--- DATASET EXCERPTS ---
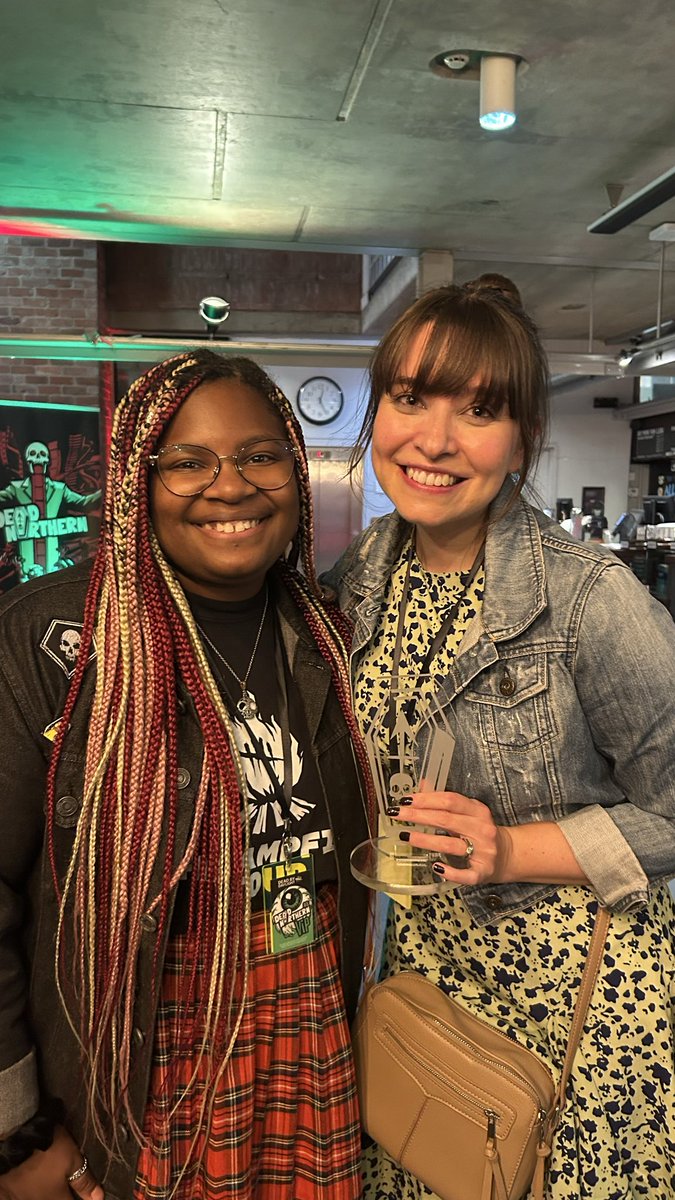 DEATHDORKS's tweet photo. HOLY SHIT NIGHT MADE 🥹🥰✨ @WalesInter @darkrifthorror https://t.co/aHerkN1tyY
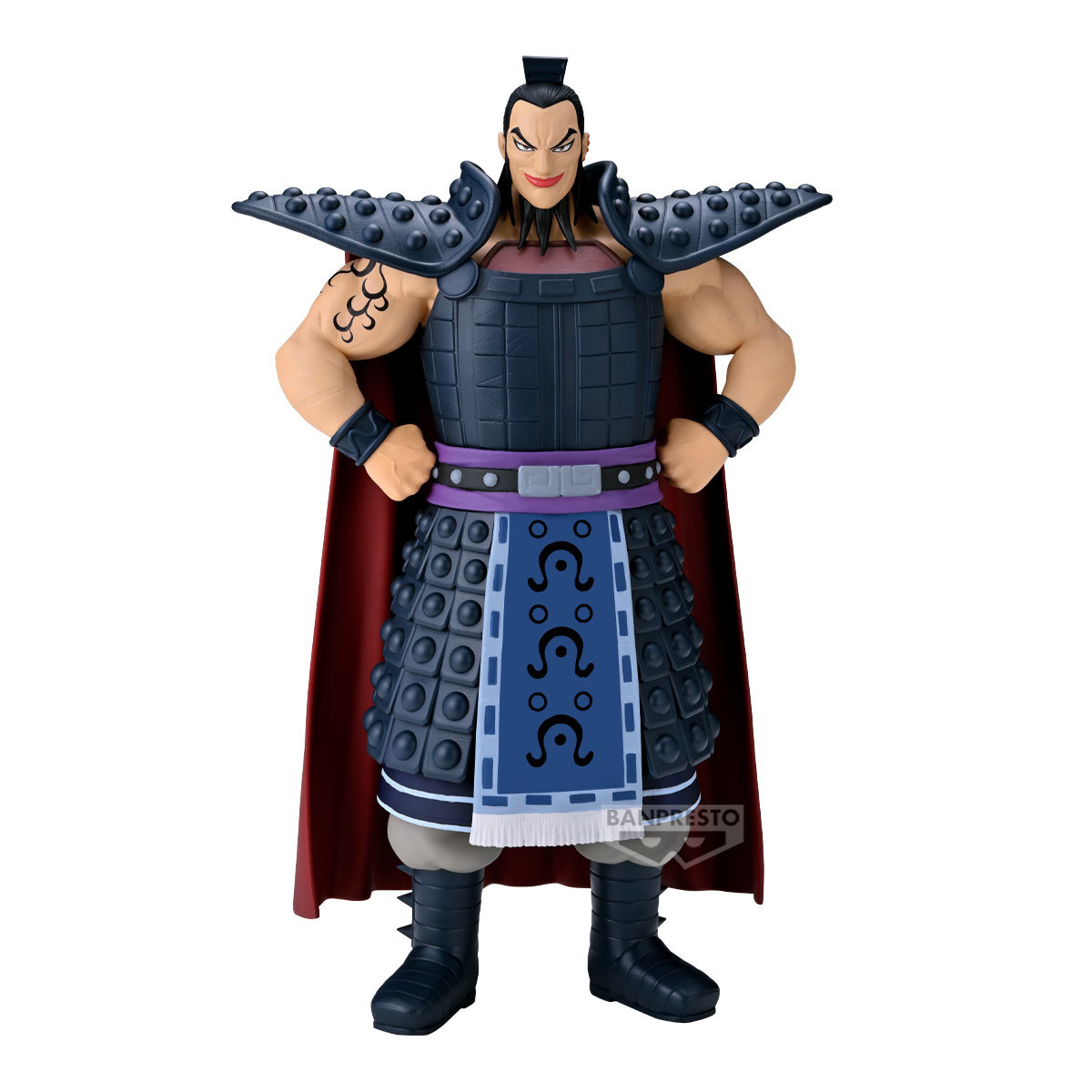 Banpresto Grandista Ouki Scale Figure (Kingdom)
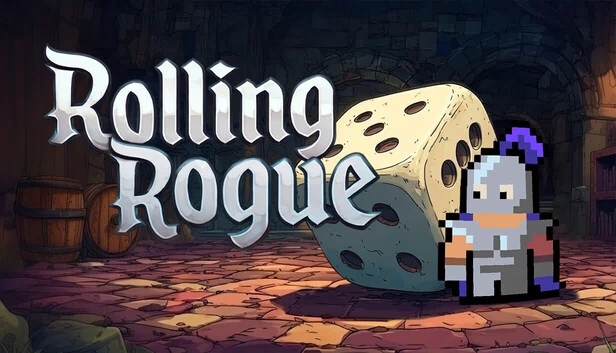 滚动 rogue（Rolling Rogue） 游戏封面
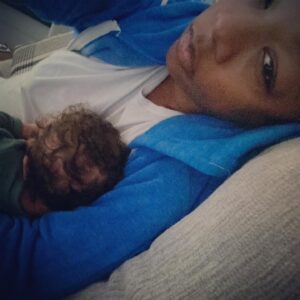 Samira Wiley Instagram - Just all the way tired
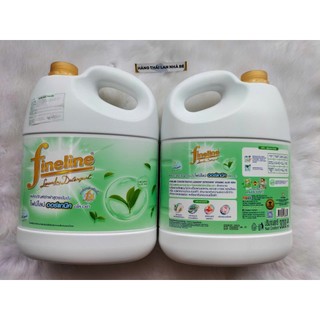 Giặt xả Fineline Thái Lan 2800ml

--- WHAT YOU NEED TO DO ---
From the line with "Samira Wiley Instagram" through the last line of the entries above, transcribe everything exactly, both ends included, but not the pictures.

--- RESPONSE BELOW ---
 Samira Wiley Instagram - Just all the way tired
 Giặt xả Fineline Thái Lan 2800ml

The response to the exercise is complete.